Start of Block
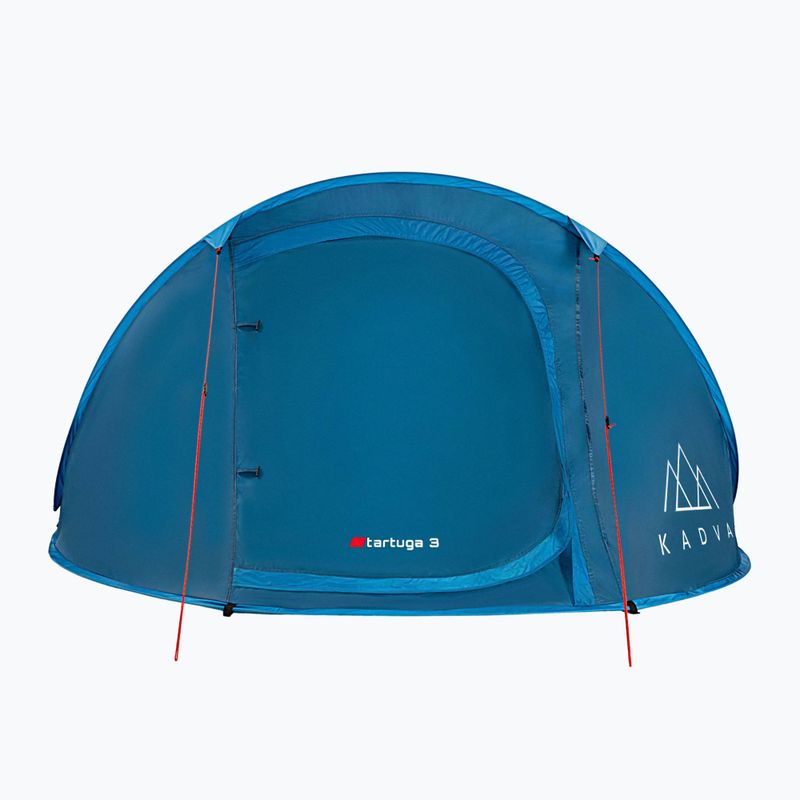 KADVA Tartuga 3 persone tenda da campeggio blu 9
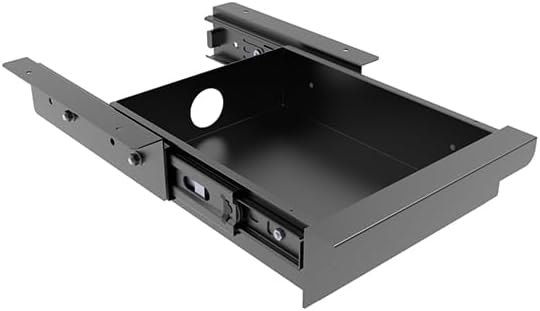 Under Desk Mounted Sliding Pull-out Drawer for Office Desk — drawer for best standing desk accessories travel compact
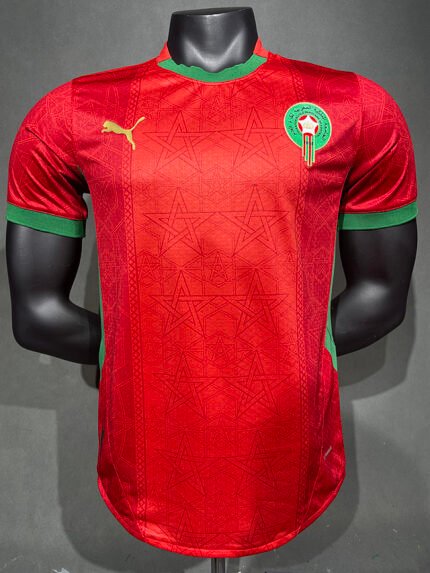 Player version 2026-27 Morocco Home Red Soccer Jersey AAA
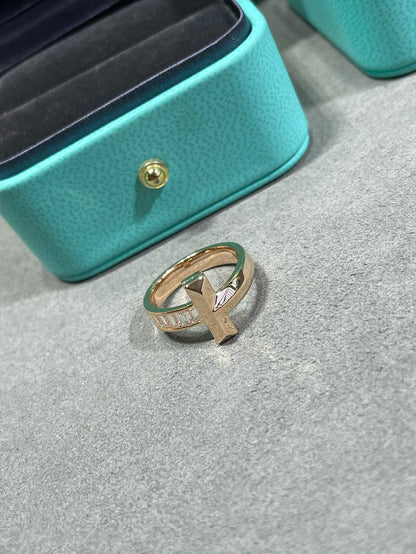 [⭐Sparkve Jewels]T1 WIDE 4.5MM DIAMOND RING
End of Block
* _Exercise_
Please give again, exactly and only, the lines from the top of the listing above through the line that has "Player version 2026-27", with pictures left out.

* _Solution for this task_
 KADVA Tartuga 3 persone tenda da campeggio blu 9
 Under Desk Mounted Sliding Pull-out Drawer for Office Desk — drawer for best standing desk accessories travel compact
 Player version 2026-27 Morocco Home Red Soccer Jersey AAA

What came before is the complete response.